Handshakes, Humor, and Revisionist History

The Minneapolis Star Tribune has an article about the Minnesota Chapter of the Federalist Society. SwanBlog broke the story that there is nothing sinister about the organization, and that membership criteria are kind of fuzzy.

The story has somewhat of a jocular tone. Peg Corneille of the Board of Continuing Legal Education (CLE) laughs it up with the reporter, downplaying suggestions that the Board of CLE takes more time to approve a course from a conservative perspective than all the other liberal ones. She says that the rule requiring lawyers to take two hours of "Elimination of Bias" classes require "addressing" the topic of bias, and that "they don't tell you what you have to say about it." This is rewriting history somewhat.

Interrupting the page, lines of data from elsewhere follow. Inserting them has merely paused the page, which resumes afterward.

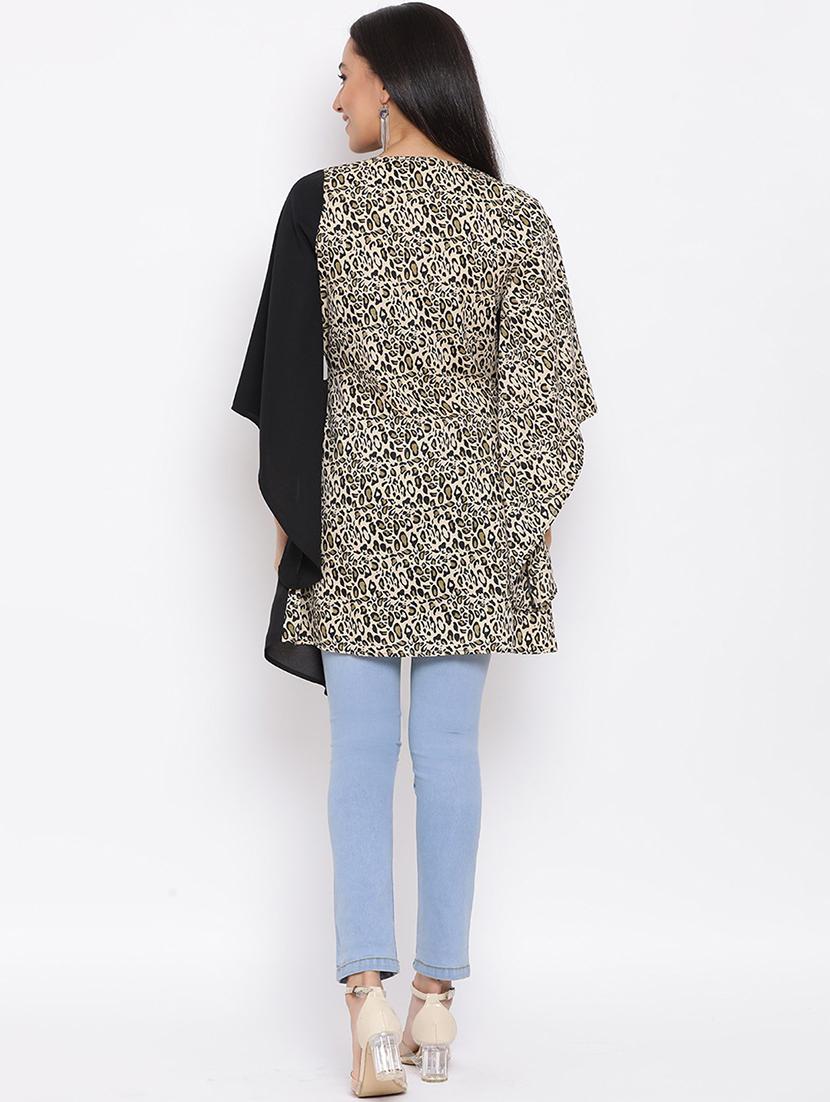 women animal print kimono sleeve long wrap top - 21931403 - Standard Image - 3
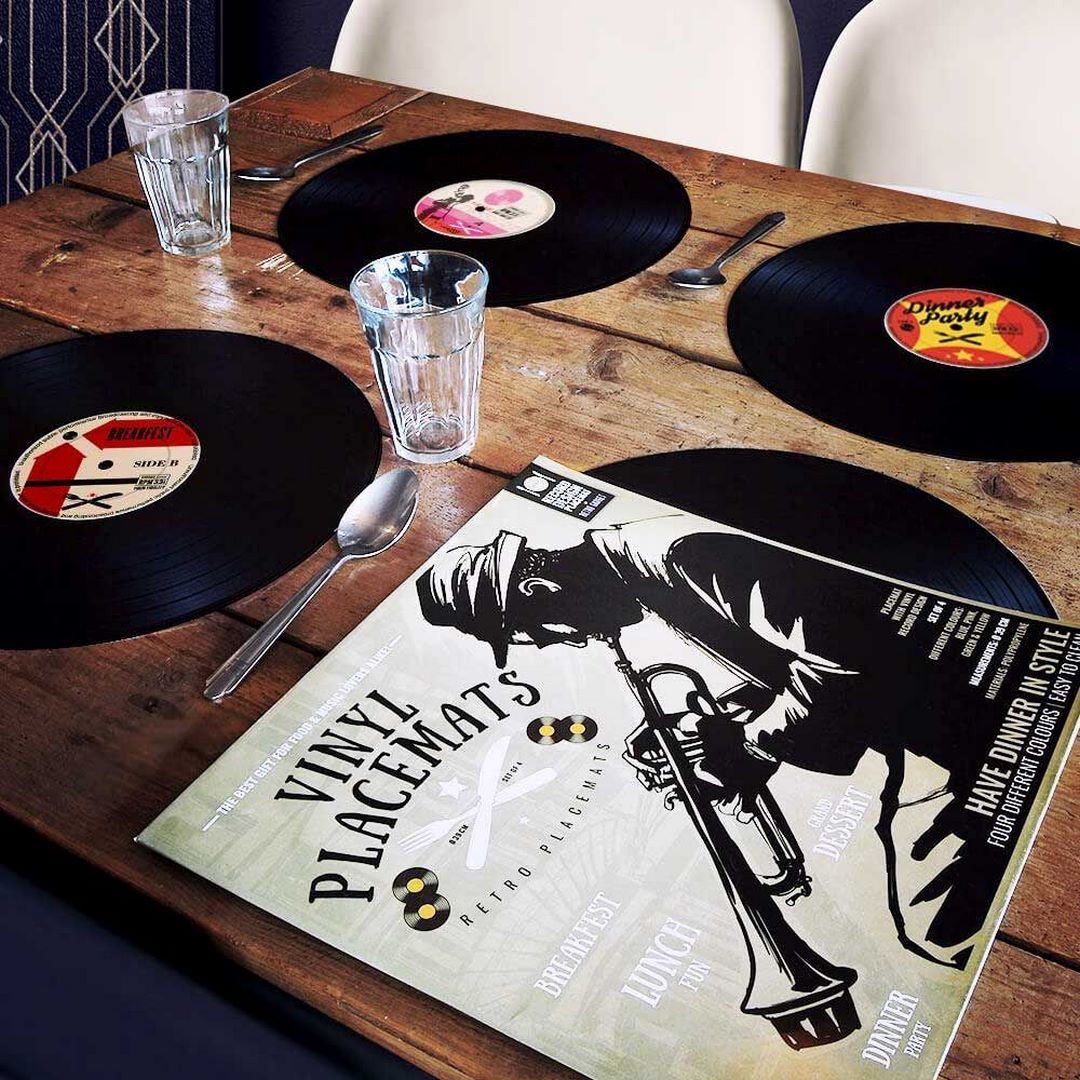 Set de 4 Suporturi de Masă Înregistrări de Gramofon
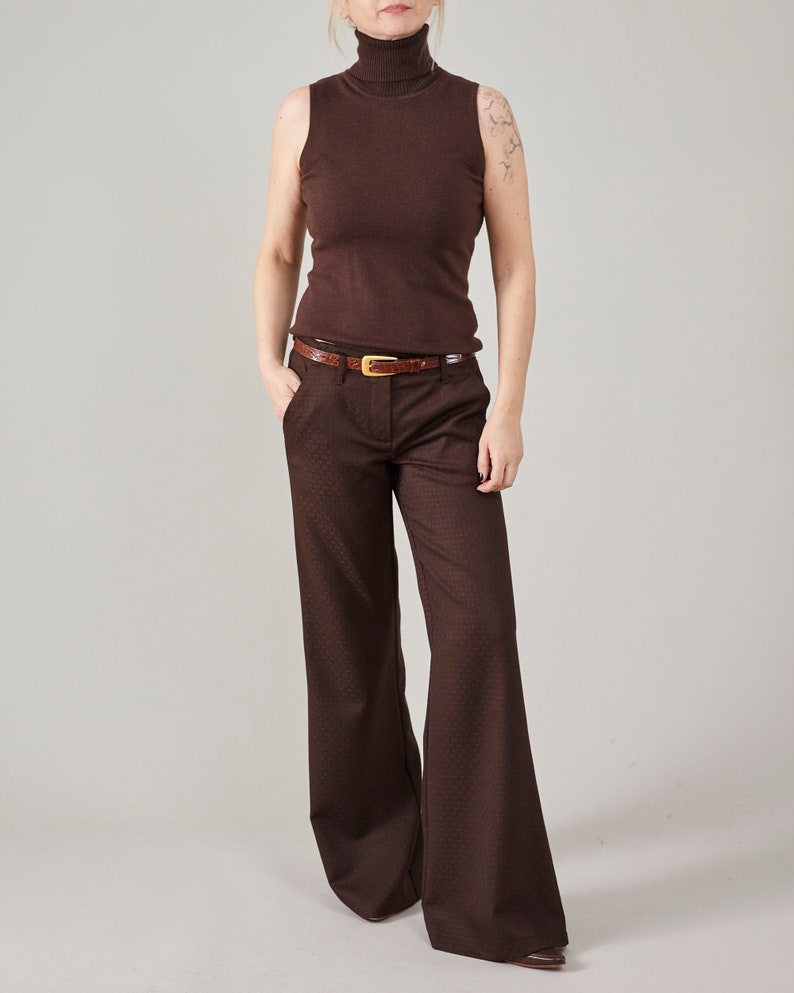 Brown Wool Flared Bell Bottom Pants for Women | Versatile Day-to-Evening Style | Perfect Gift for Dancing Enthusiasts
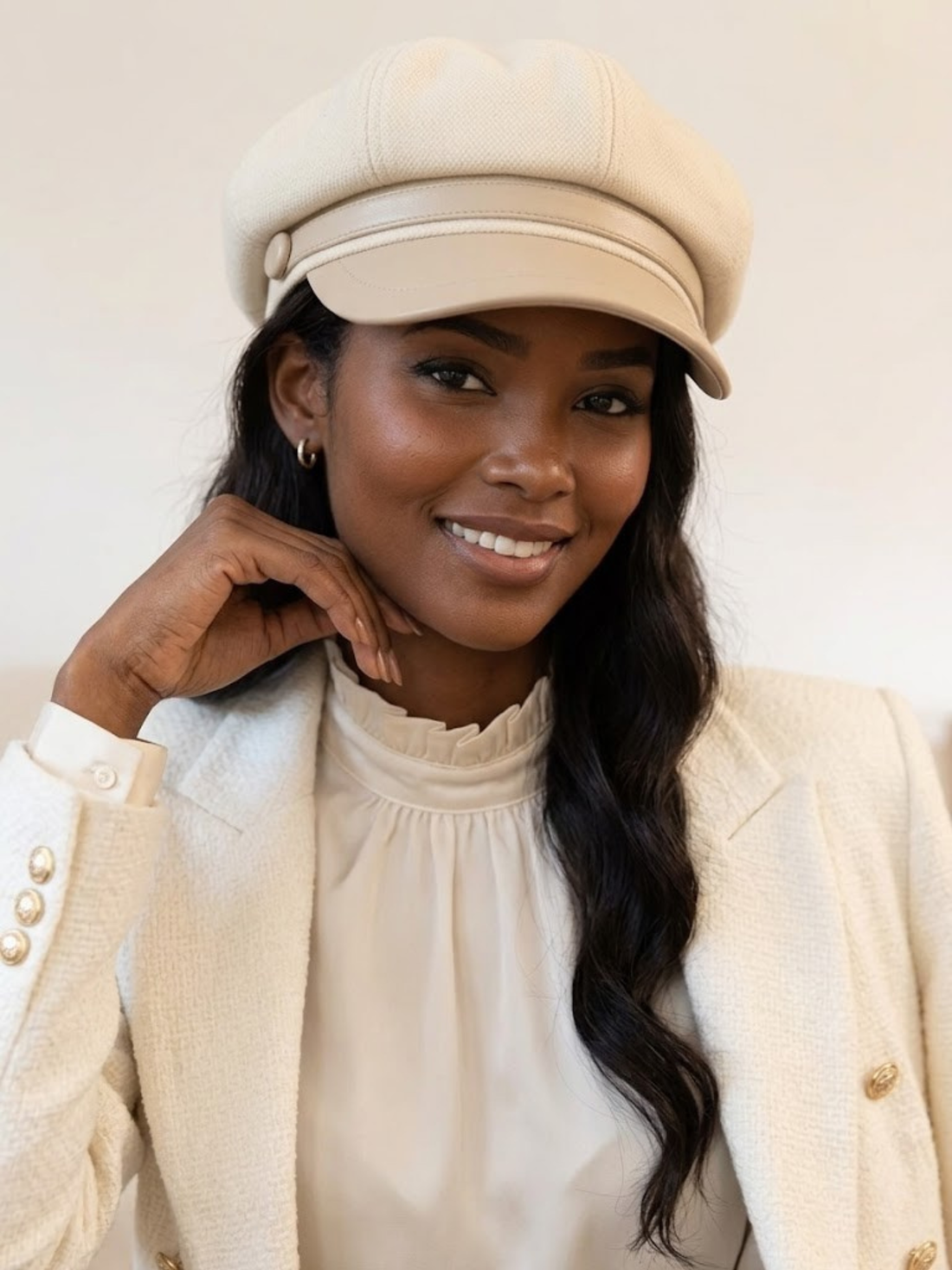 Wool Newsboy Cap with Faux Leather Brim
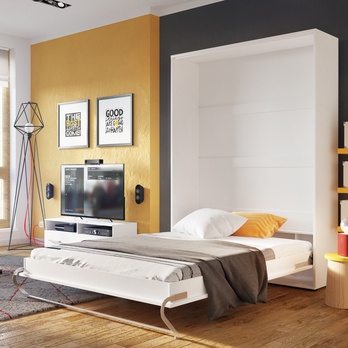 Sklápacia posteľ CONCEPT PRO CP-01 biela matná, 140x200 cm, vertikálna 2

On September 13, 2001, when most Americans had their minds on other things, the CLE Board had a meeting on whether to revoke the earlier-granted credits of the 2001 Federalist Society "Elimination of Bias" course. There were several complaints from bar groups, the State Public Defender, a retired State Supreme Court justice, and individual attorneys. One attorney said he was considering filing ethics charges against the sponsors and participants in the course. The Board agreed to request an opinion from the Minnesota Attorney General whether it was legal to retroactively de-certify a course. In the meantime, the Board voted not to accredit similar presentations in the future. The 9/13 motion reads as follows:

That the staff be directed not to approve for Elimination of Bias credit future
courses whose goal, either stated or based on materials received and reviewed,
does not appear to be the elimination of bias. (emphasis in original)

Got that? If you question the existence of systemic bias in the legal system, no credit. The Federalist Society submitted a second course to the Board in March 2003 that was scheduled to take place the following June. CLE providers get the highest attendance in June because it is right before the reporting deadline. Because the staff could not approve it without authorization from the quarterly Board meeting, the course had to be scheduled for June 2004. This was brought up in the Elliot Rothenberg case, resulting in a somewhat cryptic warning from the Minnesota Supreme Court to "exercise continued vigilance as it reviews and approves courses for the elimination of bias credit." That could either mean that the Board should accredit more conservative courses, or none at all. The vagueness of the rule means that a provider who presents a conservative perspective never knows if its course will have difficulty getting approved.